Desse modo, salienta que não basta atuar nos afetos para favorecer o fortalecimento subjetivo, mas sim, promover o conhecimento das causas comuns desses afetos, favorecendo a reflexão e a conscientização sobre a realidade social e o modo como esta impacta nas subjetividades. Assim, a tríade emoção-consciência-ação política constitui-se como um pilar para o combate à desigualdade social.

Nesses termos, Sawaia (2009, p.370) reforça que para fortalecer os sujeitos, o psicólogo também precisa favorecer os bons encontros, pois “somente quando a ignorância for experimentada como tristeza e pensar livre como alegria, das paixões passa-se à ação”. Fundamentada em Espinosa, a autora considera que as emoções alegres potencializam a autonomia. Além disso, ela sugere que o psicólogo propicie espaços para a criatividade, pois associada à felicidade ancoram a ação transformadora. Para ela, os homens só podem atingir um grau de liberdade se foram criativos.

[...] a emoção e a criatividade são dimensões ético-políticas da ação transformadora, de superação da desigualdade, e que trabalhar com elas não é cair na estetização das questões sociais, ou do solipcismo, mas sim um meio de atuar no que há de mais singular da ação política emancipadora.

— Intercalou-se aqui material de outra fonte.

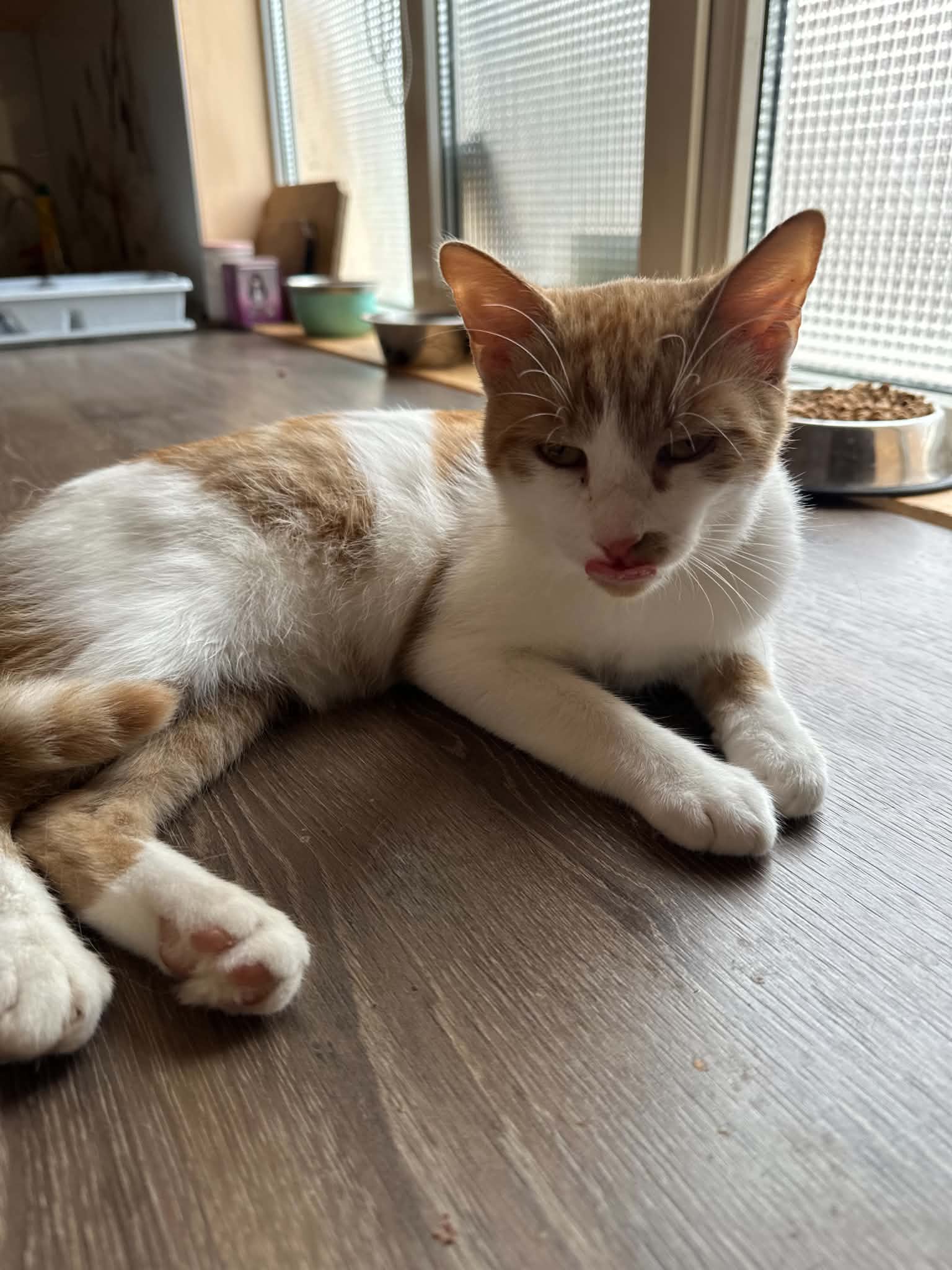 Leo bezaubernder Leo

A partir de outra vertente, Gonçalves Filho (2007) também enfatiza tanto a emoção no processo libertador quanto nas relações de solidariedade. Para ele, o sofrimento advindo da humilhação é exacerbado, pois carrega em si a história de uma classe, de um grupo e como a dominação é enigmática, a angústia daí resultante diz respeito a uma experiência emocional pouco elaborada, interpretada e simbolizada. Dessa forma, o autor considera que, apenas quando o sujeito reconhece esse sofrimento originário, através de um trabalho interno de digestão, que precisa ser realizado pelo diálogo, em companhia de outros, na pluralidade, na igualdade de participação, de direitos e com a valorização das contribuições de cada um, esse caminho poderá ser a cura da humilhação social.

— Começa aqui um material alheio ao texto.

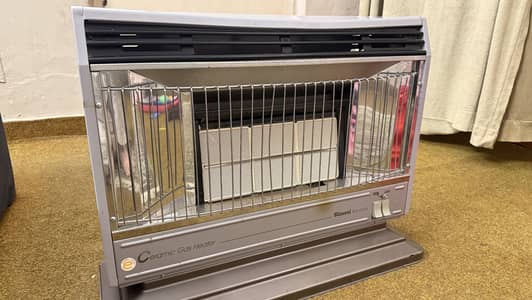 Original Rinnai Heater - Excellent Condition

Gonçalves Filho (2007, p. 20), ainda considera que o poder de agir ocorre na ressignificação das situações, rompendo o enigma paralisante. Na “capacidade de juntos interrompermos o automatismo social, cancelando opressões, fundando uma república e organizando formas salutares para o trabalho de todos e cada um”. Ele afirma que o poder de agir, a recuperação da dignidade, consiste na capacidade de doar-se para os seus, ou seja, na capacidade de estabelecer relações

solidárias. Desse modo, essa compreensão se aproxima do conceito do reconhecimento solidário e do jurídico elaborado por Axel Honneth (2003).

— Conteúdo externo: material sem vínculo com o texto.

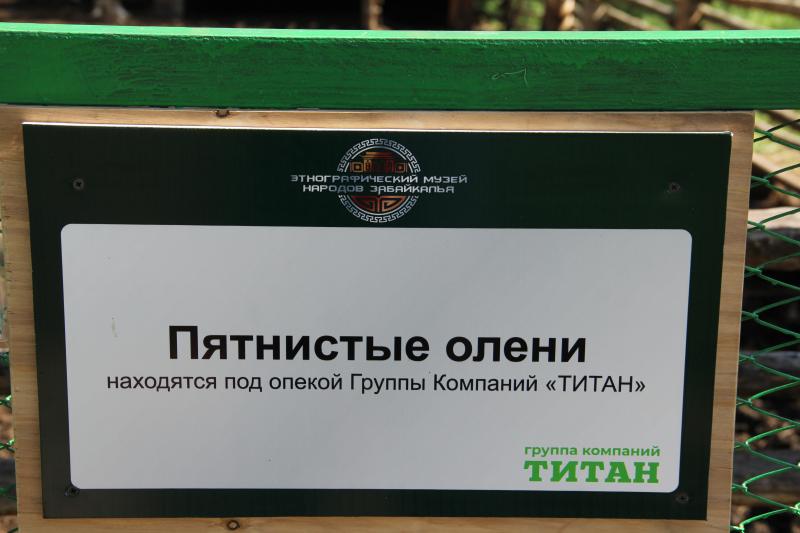 Сибирский «Бэмби»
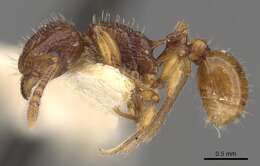 Image of Tetramorium strictum Bolton 1977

Essas perspectivas, embora sustentadas por diferentes vertentes teóricas, esclarecem alguns dos elementos que podem ser imprescindíveis no processo de superação da situação de vulnerabilidade social, oferecendo assim, importantes contribuições para a práxis do psicólogo.

A partir do que fora discutido, o fortalecimento pode ser gestado, a partir das coletividades, das trocas horizontais, do diálogo livre, do reconhecimento intersubjetivo, da compreensão do caráter comum das injustiças sofridas e da relação entre os afetos tristes provocados por elas e o sistema econômico e social dominante. Também apontam que a luta em prol de mudanças sociais têm de partir das pessoas que estão nessa base estrutural, o que também requer a conscientização, a elaboração afetiva, a liberdade e a criatividade. Todos esses requisitos podem ser compreendidos como experiências subjetivas potencializadoras.